CARBON MARKET SCHEME - ENVIRONMENT

News: European Union members approve carbon market scheme, other climate laws

 

What's in the news?

       The 27 member states in the EU on April 25 approved a revamp to the bloc’s so-called carbon market, which is set to make it more costly to pollute for businesses in Europe, sharpening the main tool the EU has to discourage carbon dioxide emissions in the industrial sector.

 

Key takeaways:

       The changes to the EU’s Emissions Trading System (EU ETS), more commonly called the bloc’s carbon market, are one of five new laws given final approval after being proposed by the European Commission and after a favorable vote at the European Parliament last week.

 

Emission Trading System:

       The Emission Trading System is a cornerstone of the EU’s policy to combat climate change and its key tool for reducing greenhouse gas emissions cost-effectively.

       It is the world’s first major carbon market and remains the biggest one.

       It is also known as the bloc’s carbon market. The 27 member states in the European Union approved a revamp to the carbon market.

 

Carbon Market:

       Since 2005, European factories and power plants have had to purchase permits to cover their CO2 emissions, with the prices becoming more prohibitive as their usage increases against norms for their sectors.

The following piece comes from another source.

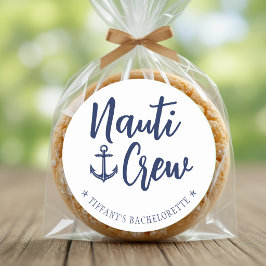 Adesivo Redondo Equipe Nauti Âncora Festa de Solteira Náutica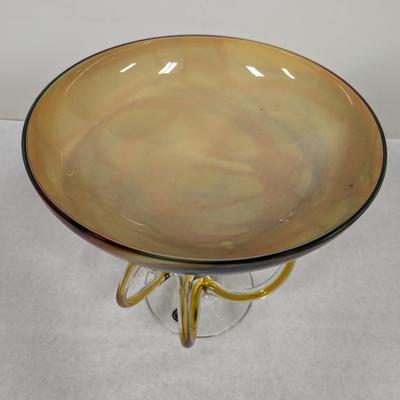Vintage Jozefina Krosno Glass Bowl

       The idea is to create financial incentives for keeping emissions in check, and penalties for failing to and to generate funds for climate-related projects.

       It applies to power-generation industries, energy-intensive industries and the aviation sector. Eventually, it will be expanded to cover greenhouse gases other than CO2, such as methane and nitrogen oxides.  Hence, statement 2 is not correct.

       The new rules increase the overall ambition of emissions reductions by 2030 in the sectors covered by the EU ETS to 62% compared to 2005 levels.